**REQUIRED ACTION:** From the line with "img 4 attached" through the line with "属虎可以戴猫吊坠吗(属虎的带猫的饰品好吗)", inclusive, return each line of the data below exactly and leave the rest out.

Items from a dataset

[Start of section]

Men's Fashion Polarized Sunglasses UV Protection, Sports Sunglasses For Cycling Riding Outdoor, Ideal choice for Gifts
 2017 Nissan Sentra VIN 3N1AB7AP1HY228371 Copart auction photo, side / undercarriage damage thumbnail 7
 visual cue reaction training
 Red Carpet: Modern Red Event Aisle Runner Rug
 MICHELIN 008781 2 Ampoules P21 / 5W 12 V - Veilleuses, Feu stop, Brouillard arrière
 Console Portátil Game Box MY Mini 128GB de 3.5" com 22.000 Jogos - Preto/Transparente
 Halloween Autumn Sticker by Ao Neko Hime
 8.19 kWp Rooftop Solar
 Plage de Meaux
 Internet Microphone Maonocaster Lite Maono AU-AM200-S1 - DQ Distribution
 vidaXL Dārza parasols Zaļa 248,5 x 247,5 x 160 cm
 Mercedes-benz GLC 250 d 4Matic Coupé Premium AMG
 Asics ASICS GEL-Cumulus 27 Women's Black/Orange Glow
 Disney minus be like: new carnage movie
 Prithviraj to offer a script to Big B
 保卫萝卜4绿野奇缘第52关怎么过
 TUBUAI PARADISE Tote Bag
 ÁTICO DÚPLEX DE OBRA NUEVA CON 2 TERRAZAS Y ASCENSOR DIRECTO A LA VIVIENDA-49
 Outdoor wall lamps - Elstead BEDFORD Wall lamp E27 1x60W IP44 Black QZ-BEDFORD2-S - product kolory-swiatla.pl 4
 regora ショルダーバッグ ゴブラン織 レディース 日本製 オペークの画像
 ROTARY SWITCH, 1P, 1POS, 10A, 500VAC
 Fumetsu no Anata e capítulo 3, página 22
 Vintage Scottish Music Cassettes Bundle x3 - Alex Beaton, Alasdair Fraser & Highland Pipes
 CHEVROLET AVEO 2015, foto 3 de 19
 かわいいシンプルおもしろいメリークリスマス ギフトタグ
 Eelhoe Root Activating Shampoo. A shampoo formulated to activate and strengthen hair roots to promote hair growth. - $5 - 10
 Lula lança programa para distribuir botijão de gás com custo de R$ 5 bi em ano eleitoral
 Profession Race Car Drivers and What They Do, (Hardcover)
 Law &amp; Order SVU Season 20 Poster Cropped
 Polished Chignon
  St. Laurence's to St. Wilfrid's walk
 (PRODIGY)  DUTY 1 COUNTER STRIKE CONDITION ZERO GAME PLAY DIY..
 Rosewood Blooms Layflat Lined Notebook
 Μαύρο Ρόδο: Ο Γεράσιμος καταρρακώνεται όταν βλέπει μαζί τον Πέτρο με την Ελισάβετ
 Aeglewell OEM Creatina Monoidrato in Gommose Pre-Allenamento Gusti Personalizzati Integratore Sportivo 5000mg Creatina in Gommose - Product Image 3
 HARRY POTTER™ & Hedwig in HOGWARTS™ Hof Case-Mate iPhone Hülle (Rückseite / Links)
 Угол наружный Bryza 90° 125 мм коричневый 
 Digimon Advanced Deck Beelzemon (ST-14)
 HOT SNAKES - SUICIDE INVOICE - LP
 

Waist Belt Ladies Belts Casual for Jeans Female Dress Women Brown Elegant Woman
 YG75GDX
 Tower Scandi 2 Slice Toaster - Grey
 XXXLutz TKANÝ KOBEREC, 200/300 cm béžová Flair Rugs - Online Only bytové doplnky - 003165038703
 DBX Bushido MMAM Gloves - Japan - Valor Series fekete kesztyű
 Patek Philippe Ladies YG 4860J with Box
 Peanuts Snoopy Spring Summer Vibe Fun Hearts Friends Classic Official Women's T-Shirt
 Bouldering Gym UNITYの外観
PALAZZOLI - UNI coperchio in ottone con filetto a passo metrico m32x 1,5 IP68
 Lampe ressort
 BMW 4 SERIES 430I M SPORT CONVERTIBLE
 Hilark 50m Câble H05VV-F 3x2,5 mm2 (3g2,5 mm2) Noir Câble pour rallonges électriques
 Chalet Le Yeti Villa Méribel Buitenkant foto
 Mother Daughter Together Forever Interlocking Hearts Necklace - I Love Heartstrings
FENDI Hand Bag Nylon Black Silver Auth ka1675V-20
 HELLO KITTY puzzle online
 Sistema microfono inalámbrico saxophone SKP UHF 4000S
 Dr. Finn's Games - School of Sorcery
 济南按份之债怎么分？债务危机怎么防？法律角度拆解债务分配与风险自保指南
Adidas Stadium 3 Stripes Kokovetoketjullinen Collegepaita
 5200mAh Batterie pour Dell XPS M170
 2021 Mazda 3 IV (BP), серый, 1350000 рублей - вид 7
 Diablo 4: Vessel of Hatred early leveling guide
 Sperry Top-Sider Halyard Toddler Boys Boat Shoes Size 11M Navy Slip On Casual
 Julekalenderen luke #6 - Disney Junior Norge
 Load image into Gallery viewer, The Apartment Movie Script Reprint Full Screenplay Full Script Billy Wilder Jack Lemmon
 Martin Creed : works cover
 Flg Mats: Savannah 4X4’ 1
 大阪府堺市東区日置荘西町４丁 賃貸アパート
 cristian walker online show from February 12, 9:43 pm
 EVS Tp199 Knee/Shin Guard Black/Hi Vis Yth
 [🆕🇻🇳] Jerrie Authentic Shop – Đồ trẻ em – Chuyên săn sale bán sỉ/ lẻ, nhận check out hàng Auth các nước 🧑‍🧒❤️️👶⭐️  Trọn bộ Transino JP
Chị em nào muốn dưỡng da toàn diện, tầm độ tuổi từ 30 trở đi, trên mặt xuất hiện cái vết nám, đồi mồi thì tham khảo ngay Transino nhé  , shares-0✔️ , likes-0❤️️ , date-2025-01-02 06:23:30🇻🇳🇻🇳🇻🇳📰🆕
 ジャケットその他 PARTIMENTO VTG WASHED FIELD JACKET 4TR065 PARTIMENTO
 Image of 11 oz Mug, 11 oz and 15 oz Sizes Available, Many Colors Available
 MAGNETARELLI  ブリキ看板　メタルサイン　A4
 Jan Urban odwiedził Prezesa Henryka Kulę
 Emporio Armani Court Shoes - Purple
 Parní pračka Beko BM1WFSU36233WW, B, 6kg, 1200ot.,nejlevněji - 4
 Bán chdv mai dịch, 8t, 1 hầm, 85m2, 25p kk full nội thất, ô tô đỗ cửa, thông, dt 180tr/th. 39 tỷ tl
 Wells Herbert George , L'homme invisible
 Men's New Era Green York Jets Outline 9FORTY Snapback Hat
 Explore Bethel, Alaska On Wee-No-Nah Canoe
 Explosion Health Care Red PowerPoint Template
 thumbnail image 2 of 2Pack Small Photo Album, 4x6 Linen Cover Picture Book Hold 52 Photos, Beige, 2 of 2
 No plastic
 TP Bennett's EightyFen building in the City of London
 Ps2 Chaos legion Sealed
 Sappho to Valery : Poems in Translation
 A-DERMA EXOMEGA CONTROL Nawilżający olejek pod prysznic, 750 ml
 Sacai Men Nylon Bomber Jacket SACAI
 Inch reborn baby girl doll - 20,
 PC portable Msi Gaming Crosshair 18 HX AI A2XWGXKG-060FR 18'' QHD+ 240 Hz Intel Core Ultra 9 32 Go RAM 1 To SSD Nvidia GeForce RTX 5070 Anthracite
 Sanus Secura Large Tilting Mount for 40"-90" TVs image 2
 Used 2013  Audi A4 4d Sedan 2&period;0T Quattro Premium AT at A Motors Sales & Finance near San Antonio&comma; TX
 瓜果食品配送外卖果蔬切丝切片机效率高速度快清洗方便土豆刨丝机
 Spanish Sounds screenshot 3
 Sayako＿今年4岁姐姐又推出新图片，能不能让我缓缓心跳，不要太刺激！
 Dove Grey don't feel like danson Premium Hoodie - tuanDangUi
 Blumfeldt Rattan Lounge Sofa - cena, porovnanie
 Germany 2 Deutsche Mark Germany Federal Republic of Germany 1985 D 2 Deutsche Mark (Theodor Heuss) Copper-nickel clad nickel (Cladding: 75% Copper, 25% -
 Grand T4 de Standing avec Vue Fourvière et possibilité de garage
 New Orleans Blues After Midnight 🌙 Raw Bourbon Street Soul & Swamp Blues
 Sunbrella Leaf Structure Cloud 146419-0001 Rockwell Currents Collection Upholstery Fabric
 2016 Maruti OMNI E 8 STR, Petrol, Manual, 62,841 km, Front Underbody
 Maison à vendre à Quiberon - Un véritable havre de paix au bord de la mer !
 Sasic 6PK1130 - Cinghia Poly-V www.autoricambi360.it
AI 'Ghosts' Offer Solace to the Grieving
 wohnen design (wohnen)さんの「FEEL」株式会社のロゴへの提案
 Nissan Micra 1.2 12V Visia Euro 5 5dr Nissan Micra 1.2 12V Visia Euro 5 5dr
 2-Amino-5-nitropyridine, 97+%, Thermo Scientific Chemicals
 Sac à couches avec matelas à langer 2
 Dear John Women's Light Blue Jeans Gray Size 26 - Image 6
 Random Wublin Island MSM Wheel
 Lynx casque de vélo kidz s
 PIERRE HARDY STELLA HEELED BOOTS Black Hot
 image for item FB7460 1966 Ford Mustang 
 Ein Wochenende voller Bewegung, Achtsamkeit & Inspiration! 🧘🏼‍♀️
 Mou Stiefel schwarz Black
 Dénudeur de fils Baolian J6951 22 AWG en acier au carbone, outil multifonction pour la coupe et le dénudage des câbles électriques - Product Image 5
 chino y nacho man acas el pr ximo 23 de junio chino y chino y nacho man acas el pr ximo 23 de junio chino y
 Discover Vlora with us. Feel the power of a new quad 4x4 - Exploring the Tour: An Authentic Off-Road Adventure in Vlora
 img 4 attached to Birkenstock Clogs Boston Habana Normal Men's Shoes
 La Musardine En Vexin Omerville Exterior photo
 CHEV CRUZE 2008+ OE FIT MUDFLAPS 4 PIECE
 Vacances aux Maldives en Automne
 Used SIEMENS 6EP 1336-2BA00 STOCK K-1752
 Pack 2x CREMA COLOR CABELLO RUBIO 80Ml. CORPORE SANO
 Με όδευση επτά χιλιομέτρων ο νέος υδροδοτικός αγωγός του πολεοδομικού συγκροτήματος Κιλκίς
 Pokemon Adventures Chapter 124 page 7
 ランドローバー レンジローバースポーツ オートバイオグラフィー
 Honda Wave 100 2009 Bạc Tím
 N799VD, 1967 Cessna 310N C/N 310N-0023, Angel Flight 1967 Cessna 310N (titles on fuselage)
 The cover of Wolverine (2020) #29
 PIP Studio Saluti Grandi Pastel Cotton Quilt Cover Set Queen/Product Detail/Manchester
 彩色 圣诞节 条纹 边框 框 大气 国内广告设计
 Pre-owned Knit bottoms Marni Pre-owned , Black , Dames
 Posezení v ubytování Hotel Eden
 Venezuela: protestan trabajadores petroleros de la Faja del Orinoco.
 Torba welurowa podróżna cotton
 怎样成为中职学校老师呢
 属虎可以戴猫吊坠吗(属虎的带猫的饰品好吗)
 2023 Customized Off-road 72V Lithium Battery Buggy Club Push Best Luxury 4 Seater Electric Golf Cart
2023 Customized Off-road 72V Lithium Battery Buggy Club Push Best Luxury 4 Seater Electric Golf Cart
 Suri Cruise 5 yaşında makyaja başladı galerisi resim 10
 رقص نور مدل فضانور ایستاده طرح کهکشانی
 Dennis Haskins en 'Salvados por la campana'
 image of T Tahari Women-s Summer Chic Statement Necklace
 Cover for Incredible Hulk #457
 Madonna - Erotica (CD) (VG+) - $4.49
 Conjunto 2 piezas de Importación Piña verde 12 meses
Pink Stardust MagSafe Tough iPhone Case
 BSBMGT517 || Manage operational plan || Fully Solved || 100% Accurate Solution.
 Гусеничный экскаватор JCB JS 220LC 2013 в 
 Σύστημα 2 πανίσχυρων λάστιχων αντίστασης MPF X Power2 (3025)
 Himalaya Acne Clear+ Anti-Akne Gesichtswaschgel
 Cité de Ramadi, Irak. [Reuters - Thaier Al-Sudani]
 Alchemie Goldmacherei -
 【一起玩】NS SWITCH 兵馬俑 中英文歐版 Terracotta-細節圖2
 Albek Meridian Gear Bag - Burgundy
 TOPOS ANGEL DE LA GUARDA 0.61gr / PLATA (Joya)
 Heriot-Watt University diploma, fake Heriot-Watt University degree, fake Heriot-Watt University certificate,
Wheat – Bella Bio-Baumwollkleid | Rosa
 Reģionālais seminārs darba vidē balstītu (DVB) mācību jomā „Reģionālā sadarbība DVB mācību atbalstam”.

[End of section]

**RESULT OF THE EXERCISE:**
 img 4 attached to Birkenstock Clogs Boston Habana Normal Men's Shoes
 La Musardine En Vexin Omerville Exterior photo
 CHEV CRUZE 2008+ OE FIT MUDFLAPS 4 PIECE
 Vacances aux Maldives en Automne
 Used SIEMENS 6EP 1336-2BA00 STOCK K-1752
 Pack 2x CREMA COLOR CABELLO RUBIO 80Ml. CORPORE SANO
 Με όδευση επτά χιλιομέτρων ο νέος υδροδοτικός αγωγός του πολεοδομικού συγκροτήματος Κιλκίς
 Pokemon Adventures Chapter 124 page 7
 ランドローバー レンジローバースポーツ オートバイオグラフィー
 Honda Wave 100 2009 Bạc Tím
 N799VD, 1967 Cessna 310N C/N 310N-0023, Angel Flight 1967 Cessna 310N (titles on fuselage)
 The cover of Wolverine (2020) #29
 PIP Studio Saluti Grandi Pastel Cotton Quilt Cover Set Queen/Product Detail/Manchester
 彩色 圣诞节 条纹 边框 框 大气 国内广告设计
 Pre-owned Knit bottoms Marni Pre-owned , Black , Dames
 Posezení v ubytování Hotel Eden
 Venezuela: protestan trabajadores petroleros de la Faja del Orinoco.
 Torba welurowa podróżna cotton
 怎样成为中职学校老师呢
 属虎可以戴猫吊坠吗(属虎的带猫的饰品好吗)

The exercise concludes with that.